## DATA SHOWN
__________________________________________________

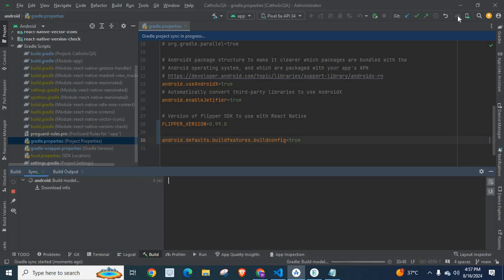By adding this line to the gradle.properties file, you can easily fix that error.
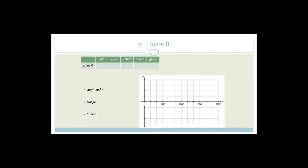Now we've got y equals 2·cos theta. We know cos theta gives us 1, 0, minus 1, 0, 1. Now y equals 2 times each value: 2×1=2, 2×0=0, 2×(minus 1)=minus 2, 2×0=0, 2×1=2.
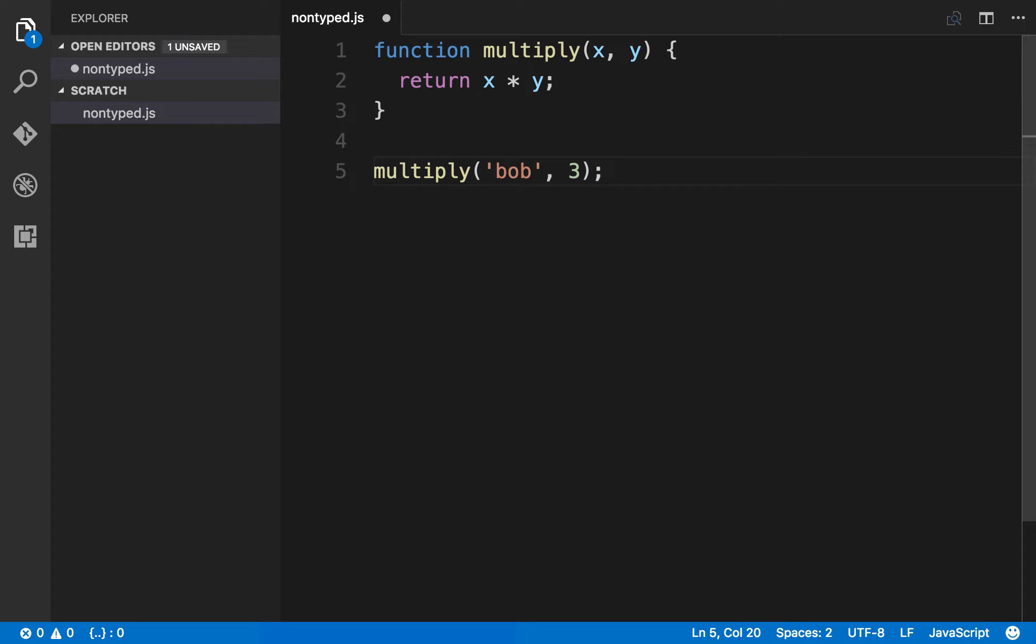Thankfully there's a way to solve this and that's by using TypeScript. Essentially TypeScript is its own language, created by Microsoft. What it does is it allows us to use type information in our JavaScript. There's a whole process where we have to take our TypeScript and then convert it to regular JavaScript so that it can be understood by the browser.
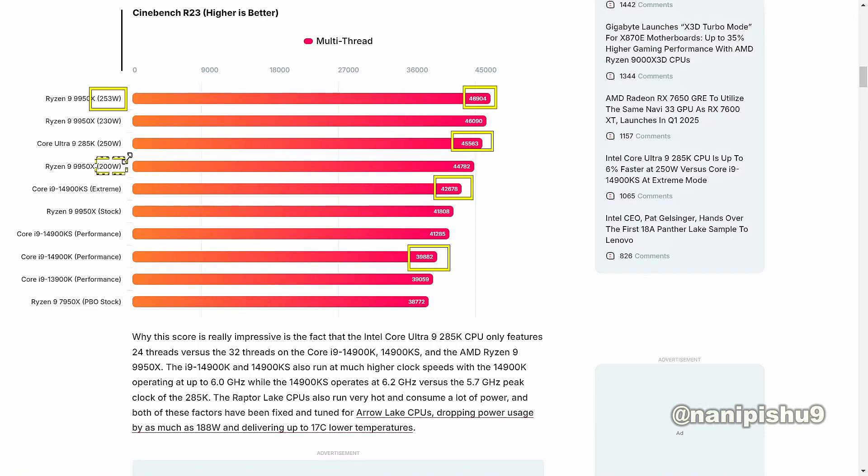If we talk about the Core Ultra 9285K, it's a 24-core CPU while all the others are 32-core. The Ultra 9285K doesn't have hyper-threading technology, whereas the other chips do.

__________________________________________________

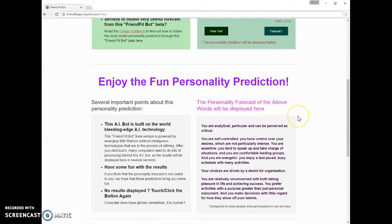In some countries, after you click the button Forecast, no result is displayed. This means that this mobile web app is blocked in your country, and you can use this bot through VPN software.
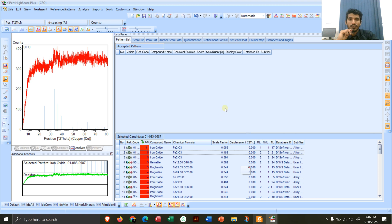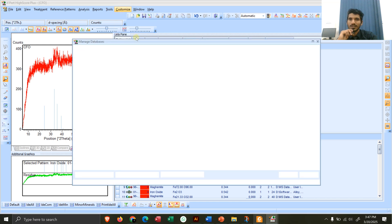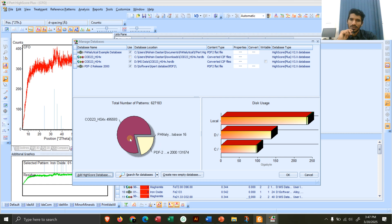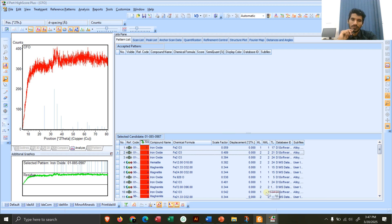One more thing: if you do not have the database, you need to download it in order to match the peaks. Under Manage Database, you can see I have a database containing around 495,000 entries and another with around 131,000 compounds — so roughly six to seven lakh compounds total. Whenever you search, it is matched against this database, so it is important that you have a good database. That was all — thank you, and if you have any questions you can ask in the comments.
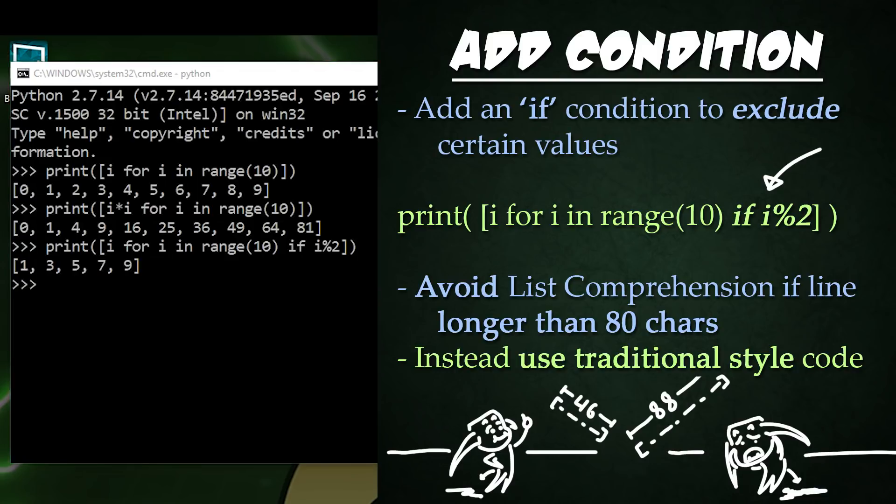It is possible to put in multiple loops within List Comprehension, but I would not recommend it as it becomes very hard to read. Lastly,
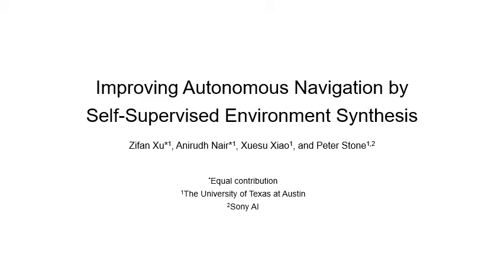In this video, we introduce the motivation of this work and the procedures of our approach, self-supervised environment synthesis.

__________________________________________________

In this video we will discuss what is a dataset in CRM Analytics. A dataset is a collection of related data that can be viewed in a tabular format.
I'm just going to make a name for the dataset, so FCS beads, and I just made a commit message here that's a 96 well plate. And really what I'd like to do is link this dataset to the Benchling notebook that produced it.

__________________________________________________

From the records above, give again only the part that opens with the line containing "By adding this" and closes with the line containing "Now we've got". Keep both ends but drop the pictures.

## ANSWER FOR THIS EXERCISE
By adding this line to the gradle.properties file, you can easily fix that error.
Now we've got y equals 2·cos theta. We know cos theta gives us 1, 0, minus 1, 0, 1. Now y equals 2 times each value: 2×1=2, 2×0=0, 2×(minus 1)=minus 2, 2×0=0, 2×1=2.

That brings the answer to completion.